Daniel Drewer is Data Protection Officer and Head of the Data Protection Function at Europol. He holds a Master of Law from the University of Hamburg. Daniel Drewer followed his further professional training at the Hanseatic Court for Intellectual Property Law, at the Data Protection Authority of the City of Hamburg, at the international corporate law firm Heuking as well as at the German Desk at Eurojust. He worked as a contract lawyer for one of Europe’s largest advertising agencies. Daniel Drewer joined the Legal Service of Europol in 2003. He set up the Confidentiality Desk and went on to become Confidentiality Officer with responsibilities in the area of data security. He served as Secretary to the Europol Security Committee. In 2007 he was selected as Head of Unit, responsible for data protection and data security compliance in the newly established Information Integrity Unit. In 2010 the Management Board appointed Daniel Drewer as Europol’s first ever Data Protection Officer. Daniel Drewer is founder of the Europol Data Protection Experts Network (EDEN), a community that includes more than 800 members stemming from law enforcement, industries, academia and non-governmental organisations aiming at exploring cutting-edge topics at the intersection of law enforcement and emerging technologies. Daniel Drewer contributes as a speaker to international data protection conferences, including CPDP, IAPP and Privacy Symposium. He is co-founder of the Certification Course for Data Protection Officers at the European Institute for Public Administration (EIPA) and lecturer at the Summer schools on criminal and data protection law at the Academy for European Law (ERA). Daniel Drewer is Senior Fellow of the European Centre on Privacy and Cybersecurity at the Law Faculty of the University Maastricht. He is member of the CEPOL Expert Group on Fundamental Rights and of the AI alignment committee at Europol.

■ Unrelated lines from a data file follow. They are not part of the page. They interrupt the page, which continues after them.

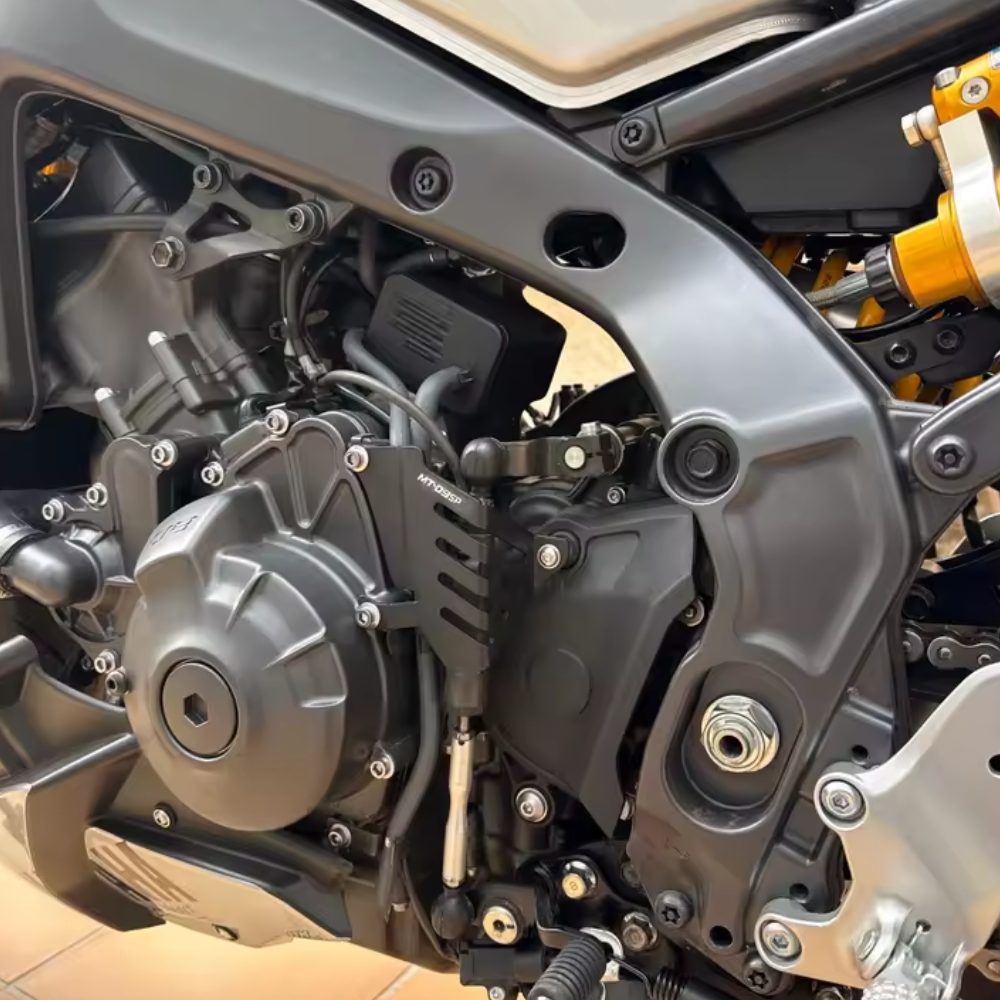 Gear Shift Lever Sensor Guard Cover – Yamaha XSR900 / XSR900GP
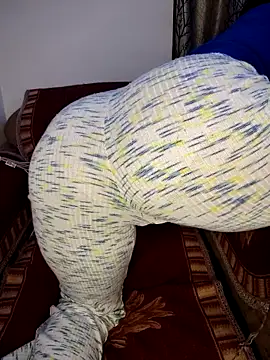 Chat +18 de kavya-09 ao vivo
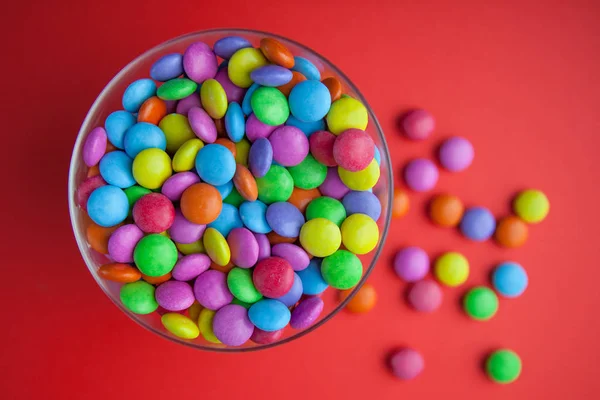 Felle kleur candy snoep in kom — Stockfoto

Daniel Drewer completed his military service at the German Ministry of Defence in Bonn.

Speaker

Michael Armstrong

An Garda Síochána - Ireland

Michael Armstrong is a civil servant, working as Data Protection Officer for An Garda Síochána (AGS) since 2021. Prior to this role he worked as Head of the AGS Data Protection Unit, and previously in a number of roles in the Northern Ireland Civil Service, including policy development roles in the Department for Employment and Learning (now the Department for the Economy) and the Department for Infrastructure, as well as other roles in the Northern Ireland Audit Office and the Office of the Northern Ireland Executive in Brussels.

Speaker

Anna Pouliou

CERN - Switzerland

Anna Pouliou is an internationally recognized data protection expert and university lecturer of privacy and AI law with over 15 years of experience in this field. She is a qualified attorney and has held leading roles in major global corporations but also worked as a partner in the Big4, offering data protection advisory services to private and public sectors alike. In February 2024, she was appointed Chair of the Data Protection Commission at CERN, the data protection supervisory authority of the European Organization for Nuclear Research. She is one of the four finalists for the 2025-2030 EDPS term.